21. November 2024

Wenn das ÖVP-Innenministerium die Häscher schickt

PolizeiLogoDie ÖVP hat sich in den letzten Jahren und Jahrzehnten einiges geleistet, was Tierschutz betrifft. Es gelang ihr, sich ganz abgesetzt von ausnahmslos allen anderen Parteien immer und bei jeder Kampagne gegen den Tierschutz zu positionieren, vom Zirkus über Nutztierhaltung und Jagd bis zu Tierversuchen. Dafür war die Thematisierung dieses Umstands vor den Wahlen im September 2013 noch ziemlich harmlos. Doch selbst da ließ es sich das ÖVP-Innenministerium nicht nehmen, eine deutliche Drohung auszusprechen. Nicht in Worten, aber konkludent, wie das juristische Wort dafür heißt.
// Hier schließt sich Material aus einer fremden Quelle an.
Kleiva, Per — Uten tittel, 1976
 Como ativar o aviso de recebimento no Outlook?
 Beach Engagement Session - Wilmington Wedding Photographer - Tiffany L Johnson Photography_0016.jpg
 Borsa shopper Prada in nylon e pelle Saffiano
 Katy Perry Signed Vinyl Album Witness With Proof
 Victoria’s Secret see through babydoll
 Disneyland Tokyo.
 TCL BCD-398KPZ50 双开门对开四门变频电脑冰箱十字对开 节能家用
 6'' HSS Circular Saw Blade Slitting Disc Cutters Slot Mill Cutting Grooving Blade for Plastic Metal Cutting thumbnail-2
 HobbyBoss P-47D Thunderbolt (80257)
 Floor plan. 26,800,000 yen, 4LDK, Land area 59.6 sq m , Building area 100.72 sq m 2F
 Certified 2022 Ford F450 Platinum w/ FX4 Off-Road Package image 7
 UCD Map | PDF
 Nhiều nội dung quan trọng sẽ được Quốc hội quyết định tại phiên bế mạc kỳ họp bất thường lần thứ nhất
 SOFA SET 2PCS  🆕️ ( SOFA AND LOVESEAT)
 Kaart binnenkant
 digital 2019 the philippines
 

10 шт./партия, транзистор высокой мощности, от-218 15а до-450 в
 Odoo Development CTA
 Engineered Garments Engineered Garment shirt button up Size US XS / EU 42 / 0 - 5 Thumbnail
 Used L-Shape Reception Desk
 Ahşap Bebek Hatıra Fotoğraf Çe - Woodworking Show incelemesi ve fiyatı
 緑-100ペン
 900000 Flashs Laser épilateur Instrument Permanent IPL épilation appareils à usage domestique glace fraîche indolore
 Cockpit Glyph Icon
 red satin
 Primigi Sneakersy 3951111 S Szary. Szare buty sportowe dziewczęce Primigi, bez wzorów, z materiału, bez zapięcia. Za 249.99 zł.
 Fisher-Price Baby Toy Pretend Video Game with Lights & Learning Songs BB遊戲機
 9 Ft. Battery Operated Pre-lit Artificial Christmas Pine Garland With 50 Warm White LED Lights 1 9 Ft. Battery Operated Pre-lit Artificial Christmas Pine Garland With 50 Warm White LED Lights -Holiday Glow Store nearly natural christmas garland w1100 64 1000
Mitte September wurde von einer Künstlergruppe um die Zwa Voitrottln die Webseite Landwirtschaft-entfesseln.at gegründet. Dazu gab es satirische Aktionen wie eine Pressekonferenz, einen Infostand und 3 kurze Videoclips. Zusätzlich präsentierte der VGT Fotos aus Tierfabriken hoher ÖVP-FunktionärInnen und es wurden von Unbekannten Postkarten und Flugblätter verteilt. Der ÖVP-Bauernbund reagierte hysterisch mit allen Schikanen, von einer Klagsdrohung über infantile Flugblätter bis zu Hasstiraden im Parlament. Schön und gut. Doch dann kam die Polizei vorbei. 2 Beamtinnen offenbar des Amtes für Verfassungsschutz und Terrorismusbekämpfung läuteten (immerhin: mittlerweile läuten sie, statt gleich die Tür einzuschlagen!) überraschend bei den Zwa Voitrottln und begannen mit einer Einvernahme. Weitere Verhöre wurden angekündigt.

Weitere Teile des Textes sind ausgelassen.